L’exclusion des populations démunies

D’après notre interlocuteur, même dans le discours du ministre en charge des Transports terrestres, l’exclusion des populations les plus démunies s’est fait sentir. Le Sénégalais de base ou le peuple réel devrait pourtant être le vrai destinataire de ces moyens modernes de transport public financés de façon exorbitante par l’argent public. Sous ce registre, l’acteur de la société civile insiste sur le fait que le Président élude les sujets les plus importants qui ne sont pas du domaine des « soft and ethical skills », dont l’éducation et la gouvernance. Ceci dans un contexte où l’actualité est marquée par une série de détournements de deniers publics, des rapports d’organes de contrôle classés sans suite, une impunité de plus en plus visible et agressive, une désertion des responsabilités aussi bien du pouvoir Exécutif que du pouvoir judiciaire. Tout cela, malgré l’existence de corps de contrôle comme l’OFNAC. Elimane Haby Kane regrette que le chef de l’Etat n’ait annoncé aucune rigueur dans la gouvernance des deniers publics et n’ait même pas exprimé une indignation. « Au contraire, on soupçonne des deals dans la nébuleuse par laquelle des marchés publics sont octroyés à des entreprises pour l’exploitation du TER », estime le sociologue.
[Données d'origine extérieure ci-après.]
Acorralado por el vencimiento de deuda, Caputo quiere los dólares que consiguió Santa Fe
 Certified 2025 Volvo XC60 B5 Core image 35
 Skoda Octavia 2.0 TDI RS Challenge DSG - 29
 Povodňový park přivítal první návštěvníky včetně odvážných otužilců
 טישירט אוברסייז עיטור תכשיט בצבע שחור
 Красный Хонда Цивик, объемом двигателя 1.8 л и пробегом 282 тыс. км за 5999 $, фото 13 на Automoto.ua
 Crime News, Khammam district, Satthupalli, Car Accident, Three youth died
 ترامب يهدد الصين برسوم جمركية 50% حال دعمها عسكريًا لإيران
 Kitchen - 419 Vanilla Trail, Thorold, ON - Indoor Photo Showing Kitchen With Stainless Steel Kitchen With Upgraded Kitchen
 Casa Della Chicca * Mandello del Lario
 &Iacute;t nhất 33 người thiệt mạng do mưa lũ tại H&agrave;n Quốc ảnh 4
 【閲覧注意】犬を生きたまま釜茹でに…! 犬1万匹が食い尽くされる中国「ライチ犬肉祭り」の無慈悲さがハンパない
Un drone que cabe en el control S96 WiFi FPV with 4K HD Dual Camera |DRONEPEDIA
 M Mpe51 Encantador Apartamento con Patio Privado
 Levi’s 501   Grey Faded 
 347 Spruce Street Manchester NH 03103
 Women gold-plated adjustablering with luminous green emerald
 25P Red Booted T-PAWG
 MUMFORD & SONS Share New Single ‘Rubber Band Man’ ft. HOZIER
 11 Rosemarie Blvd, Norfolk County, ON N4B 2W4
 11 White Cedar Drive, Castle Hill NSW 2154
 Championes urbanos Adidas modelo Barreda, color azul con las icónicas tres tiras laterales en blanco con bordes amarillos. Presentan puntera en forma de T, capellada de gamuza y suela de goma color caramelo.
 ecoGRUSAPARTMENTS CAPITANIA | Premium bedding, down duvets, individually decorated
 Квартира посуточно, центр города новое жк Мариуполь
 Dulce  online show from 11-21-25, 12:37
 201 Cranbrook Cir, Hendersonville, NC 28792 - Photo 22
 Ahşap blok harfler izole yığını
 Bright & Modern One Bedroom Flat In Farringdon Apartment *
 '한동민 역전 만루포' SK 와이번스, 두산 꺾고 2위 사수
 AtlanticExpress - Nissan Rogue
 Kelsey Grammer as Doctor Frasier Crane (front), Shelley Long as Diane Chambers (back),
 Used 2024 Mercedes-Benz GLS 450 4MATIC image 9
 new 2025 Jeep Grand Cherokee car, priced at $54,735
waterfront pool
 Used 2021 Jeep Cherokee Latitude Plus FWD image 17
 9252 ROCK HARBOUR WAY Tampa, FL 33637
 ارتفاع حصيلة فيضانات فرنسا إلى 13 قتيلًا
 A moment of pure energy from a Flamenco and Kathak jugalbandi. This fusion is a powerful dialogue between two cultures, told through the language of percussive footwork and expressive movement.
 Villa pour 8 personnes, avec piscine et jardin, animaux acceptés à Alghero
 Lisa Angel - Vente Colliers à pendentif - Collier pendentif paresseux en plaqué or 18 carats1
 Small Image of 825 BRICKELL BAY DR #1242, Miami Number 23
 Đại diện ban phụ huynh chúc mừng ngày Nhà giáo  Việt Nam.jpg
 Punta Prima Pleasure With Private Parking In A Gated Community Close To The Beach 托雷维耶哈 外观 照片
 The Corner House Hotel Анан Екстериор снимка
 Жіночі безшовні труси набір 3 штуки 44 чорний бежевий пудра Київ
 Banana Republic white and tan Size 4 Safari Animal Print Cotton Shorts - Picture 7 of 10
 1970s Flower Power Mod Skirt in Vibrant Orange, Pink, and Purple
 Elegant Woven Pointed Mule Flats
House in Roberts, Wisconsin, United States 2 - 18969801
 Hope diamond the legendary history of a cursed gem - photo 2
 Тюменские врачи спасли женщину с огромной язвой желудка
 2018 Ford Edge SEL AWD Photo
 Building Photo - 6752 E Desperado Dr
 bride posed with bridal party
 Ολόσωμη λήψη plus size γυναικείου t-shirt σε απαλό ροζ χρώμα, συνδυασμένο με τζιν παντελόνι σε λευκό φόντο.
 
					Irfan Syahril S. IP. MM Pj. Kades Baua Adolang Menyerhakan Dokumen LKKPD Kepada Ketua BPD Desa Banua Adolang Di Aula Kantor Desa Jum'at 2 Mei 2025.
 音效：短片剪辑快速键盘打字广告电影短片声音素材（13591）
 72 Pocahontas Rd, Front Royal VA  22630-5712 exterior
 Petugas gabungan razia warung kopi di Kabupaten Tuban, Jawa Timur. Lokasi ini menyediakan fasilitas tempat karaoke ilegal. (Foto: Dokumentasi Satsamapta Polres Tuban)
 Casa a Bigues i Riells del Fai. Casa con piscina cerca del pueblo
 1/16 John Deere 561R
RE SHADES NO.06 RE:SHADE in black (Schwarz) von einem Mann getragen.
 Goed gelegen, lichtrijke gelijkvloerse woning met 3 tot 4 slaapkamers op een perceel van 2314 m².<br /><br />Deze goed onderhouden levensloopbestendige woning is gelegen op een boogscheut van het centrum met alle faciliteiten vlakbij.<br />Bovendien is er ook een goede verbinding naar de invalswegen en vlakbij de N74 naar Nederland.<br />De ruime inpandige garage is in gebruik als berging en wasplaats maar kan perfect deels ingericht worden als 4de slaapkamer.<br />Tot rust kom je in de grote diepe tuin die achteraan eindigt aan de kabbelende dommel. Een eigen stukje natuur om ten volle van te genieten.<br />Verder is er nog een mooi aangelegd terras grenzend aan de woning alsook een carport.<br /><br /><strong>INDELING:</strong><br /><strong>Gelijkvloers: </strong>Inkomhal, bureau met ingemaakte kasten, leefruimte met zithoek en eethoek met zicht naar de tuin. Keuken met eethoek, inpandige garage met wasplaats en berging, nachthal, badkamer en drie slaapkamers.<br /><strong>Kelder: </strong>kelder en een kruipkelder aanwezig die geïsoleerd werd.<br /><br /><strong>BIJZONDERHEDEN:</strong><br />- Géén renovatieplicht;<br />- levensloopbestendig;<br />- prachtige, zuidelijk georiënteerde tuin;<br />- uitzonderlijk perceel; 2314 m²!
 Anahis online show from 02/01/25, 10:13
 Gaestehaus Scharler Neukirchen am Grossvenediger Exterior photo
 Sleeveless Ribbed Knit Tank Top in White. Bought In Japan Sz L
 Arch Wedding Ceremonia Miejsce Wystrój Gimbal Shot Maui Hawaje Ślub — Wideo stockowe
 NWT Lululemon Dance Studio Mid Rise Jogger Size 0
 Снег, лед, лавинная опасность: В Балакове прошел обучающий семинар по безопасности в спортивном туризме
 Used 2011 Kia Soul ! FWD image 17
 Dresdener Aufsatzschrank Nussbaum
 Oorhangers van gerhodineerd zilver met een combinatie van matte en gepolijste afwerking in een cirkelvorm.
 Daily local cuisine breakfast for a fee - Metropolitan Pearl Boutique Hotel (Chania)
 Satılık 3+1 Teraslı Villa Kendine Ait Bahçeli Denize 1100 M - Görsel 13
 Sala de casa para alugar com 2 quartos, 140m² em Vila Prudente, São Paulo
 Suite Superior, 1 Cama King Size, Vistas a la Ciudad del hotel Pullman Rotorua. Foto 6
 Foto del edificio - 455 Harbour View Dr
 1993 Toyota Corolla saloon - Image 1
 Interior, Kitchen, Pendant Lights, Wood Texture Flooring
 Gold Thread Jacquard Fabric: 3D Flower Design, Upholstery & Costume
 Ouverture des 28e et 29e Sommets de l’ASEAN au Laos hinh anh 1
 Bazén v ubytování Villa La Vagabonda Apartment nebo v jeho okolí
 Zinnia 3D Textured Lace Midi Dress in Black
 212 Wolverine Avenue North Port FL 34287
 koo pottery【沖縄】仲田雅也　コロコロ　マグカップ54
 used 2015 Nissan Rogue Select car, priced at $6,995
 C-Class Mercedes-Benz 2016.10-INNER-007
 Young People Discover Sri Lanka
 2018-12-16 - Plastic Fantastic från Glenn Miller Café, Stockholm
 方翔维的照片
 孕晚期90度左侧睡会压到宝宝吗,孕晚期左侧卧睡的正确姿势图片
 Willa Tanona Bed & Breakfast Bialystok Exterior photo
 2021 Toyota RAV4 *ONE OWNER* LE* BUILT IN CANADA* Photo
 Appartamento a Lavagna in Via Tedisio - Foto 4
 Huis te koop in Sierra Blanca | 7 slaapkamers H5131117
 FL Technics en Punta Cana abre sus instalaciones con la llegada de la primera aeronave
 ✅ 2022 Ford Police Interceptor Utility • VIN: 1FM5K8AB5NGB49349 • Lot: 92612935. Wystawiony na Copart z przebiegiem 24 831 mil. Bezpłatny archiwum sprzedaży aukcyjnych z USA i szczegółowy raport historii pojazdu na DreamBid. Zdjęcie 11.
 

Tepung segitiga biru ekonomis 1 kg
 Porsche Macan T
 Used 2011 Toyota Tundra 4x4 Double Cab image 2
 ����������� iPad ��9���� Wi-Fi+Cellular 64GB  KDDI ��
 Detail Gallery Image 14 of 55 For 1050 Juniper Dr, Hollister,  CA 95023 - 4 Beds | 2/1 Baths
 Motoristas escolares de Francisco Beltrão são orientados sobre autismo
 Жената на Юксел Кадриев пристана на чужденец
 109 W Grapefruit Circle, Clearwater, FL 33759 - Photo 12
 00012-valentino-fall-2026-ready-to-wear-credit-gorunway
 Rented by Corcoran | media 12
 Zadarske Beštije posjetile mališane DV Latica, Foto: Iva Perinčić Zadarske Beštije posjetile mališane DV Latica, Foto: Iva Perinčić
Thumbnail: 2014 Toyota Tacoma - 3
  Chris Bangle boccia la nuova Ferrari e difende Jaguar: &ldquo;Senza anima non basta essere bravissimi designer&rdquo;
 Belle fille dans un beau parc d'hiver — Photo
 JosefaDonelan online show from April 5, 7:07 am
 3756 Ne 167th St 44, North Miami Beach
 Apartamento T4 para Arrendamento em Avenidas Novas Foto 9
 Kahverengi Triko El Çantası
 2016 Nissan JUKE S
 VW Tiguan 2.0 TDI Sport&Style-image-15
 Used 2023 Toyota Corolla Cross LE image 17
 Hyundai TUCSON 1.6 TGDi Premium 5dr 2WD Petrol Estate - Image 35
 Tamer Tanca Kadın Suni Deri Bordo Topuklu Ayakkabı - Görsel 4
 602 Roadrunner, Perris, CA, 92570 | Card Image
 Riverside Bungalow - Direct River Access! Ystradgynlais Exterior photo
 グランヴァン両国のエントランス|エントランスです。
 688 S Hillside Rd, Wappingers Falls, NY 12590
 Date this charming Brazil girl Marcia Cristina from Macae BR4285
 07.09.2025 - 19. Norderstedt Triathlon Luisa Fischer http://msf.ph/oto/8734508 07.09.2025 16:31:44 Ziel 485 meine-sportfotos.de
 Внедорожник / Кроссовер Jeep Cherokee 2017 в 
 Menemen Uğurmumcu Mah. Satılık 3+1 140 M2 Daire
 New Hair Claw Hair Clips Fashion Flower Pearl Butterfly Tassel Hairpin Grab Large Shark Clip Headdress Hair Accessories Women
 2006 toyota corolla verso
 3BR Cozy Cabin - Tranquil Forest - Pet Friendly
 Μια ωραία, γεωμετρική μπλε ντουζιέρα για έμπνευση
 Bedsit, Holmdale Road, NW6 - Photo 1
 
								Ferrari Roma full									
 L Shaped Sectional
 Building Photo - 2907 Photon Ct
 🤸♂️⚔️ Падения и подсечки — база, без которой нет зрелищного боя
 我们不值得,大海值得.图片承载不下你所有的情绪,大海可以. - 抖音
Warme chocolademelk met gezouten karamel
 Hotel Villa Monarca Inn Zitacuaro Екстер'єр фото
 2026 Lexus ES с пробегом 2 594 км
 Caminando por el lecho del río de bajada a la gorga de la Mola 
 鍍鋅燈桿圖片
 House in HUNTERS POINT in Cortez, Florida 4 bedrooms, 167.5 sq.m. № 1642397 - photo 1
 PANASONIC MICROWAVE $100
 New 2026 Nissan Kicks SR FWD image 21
ABOU MBAYE, PRÉSIDENT DU MOUVEMENT RECCU FAL MACKY « On ne peut rendre émergent un pays en négligeant sa jeunesse »

Abou Mbaye, président du mouvement « Reccu Fal Macky », dit avoir écouté un discours très politique qui ne fait que vanter les réalisations du régime de Macky Sall durant les dernières années. Il indique que le président Sall a volontairement refusé d’évoquer les grandes questions qui hantent le sommeil des Sénégalais, dont le troisième mandat et le climat social tendu.

Abou Mbaye, président du mouvement « Reccu Fal Macky », souligne que le président doit apprendre à discuter avec son peuple et le consulter sur les questions essentielles. Mais aussi répondre à ses inquiétudes. Surtout, à l’occasion de ses adresses à la Nation. Il doit tendre une oreille particulière aux populations. « Les hausses des factures d’eau, d’électricité et des prix des denrées alimentaires sont des questions auxquelles le Sénégalais lambda attendait des réponses. Mais surtout des solutions. La question du chômage est l’une des causes des émeutes de mars. Elle n’est pas élucidée. Le Plan Sénégal Émergent n’est qu’une farce. Car, on ne peut pas vouloir rendre émergent un pays en négligeant sa jeunesse qui, normalement, doit être le socle de l’émergence », estime le président du mouvement « Reccu Fal Macky », Abou Mbaye. Abou Mbaye dit qu’il aurait souhaité entendre le président Sall aborder la question du troisième mandat. Et regrette le fait qu’il choisisse toujours d’aborder ce sujet dans les médias étrangers. « Macky Sall doit être reconnaissant. C’est le peuple sénégalais qui a fait de lui ce qu’il est devenu aujourd’hui », ajoute-t-il. Par ailleurs, il félicite le président Sall pour le projet de désenclavement du Nord, porté sur une distance de 2500 Km, ainsi que le port de Dandé Mayo qui va faire naître une dizaine de ports sur 1500 Km dans la vallée du fleuve Sénégal.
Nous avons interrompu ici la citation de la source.